According to the given information, Abel bought 3 similar shirts for a total cost of $360.
This means that 3x = 360.
Dividing both sides of the equation by 3, we get:
x = 360 / 3
x = 120
Therefore, the cost of each shirt is $120.
To find the cost of each shirt, we can set up a system of equations based on the given information.
Let's assume the cost of each shirt is x dollars and the cost of each jacket is y dollars.

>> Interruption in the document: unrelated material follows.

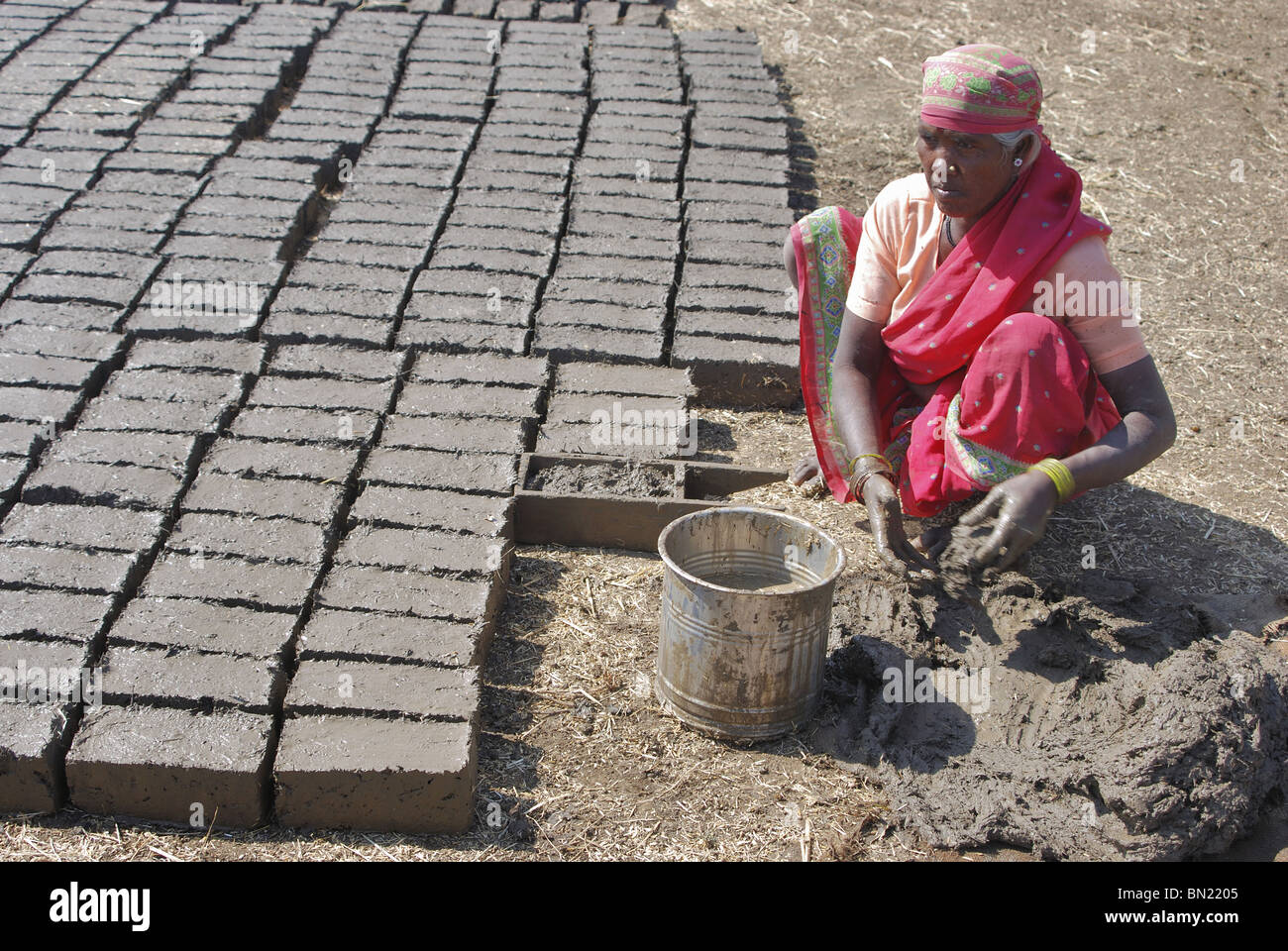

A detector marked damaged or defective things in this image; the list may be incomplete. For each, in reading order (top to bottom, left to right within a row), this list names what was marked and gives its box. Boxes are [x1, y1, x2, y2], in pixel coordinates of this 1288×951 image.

rusty tin container [654, 507, 844, 737]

From the first sentence, we know that Abel bought 3 similar shirts and 4 similar jackets for $360. Using this information, we can write the equation:
3x + 4y = 360 ----------- Equation 1
Similarly, from the second sentence, we know that Marcus bought 1 such shirt and 3 such jackets for $220. We can write the equation:
1x + 3y = 220 ------------- Equation 2
Now we have a system of linear equations. We can solve this system to find the values of x and y.
Let's use the method of substitution to solve the equations:
From Equation 2, we can express x in terms of y.
x = 220 - 3y
Now plug this value of x into Equation 1 and solve for y:
3(220 - 3y) + 4y = 360
660 - 9y + 4y = 360
-5y = 360 - 660
-5y = -300
y = -300 / -5
y = 60
Now substitute the value of y back into Equation 2 to find x:
x + 3(60) = 220
x + 180 = 220
x = 220 - 180
x = 40
Therefore, the cost of each shirt is $40.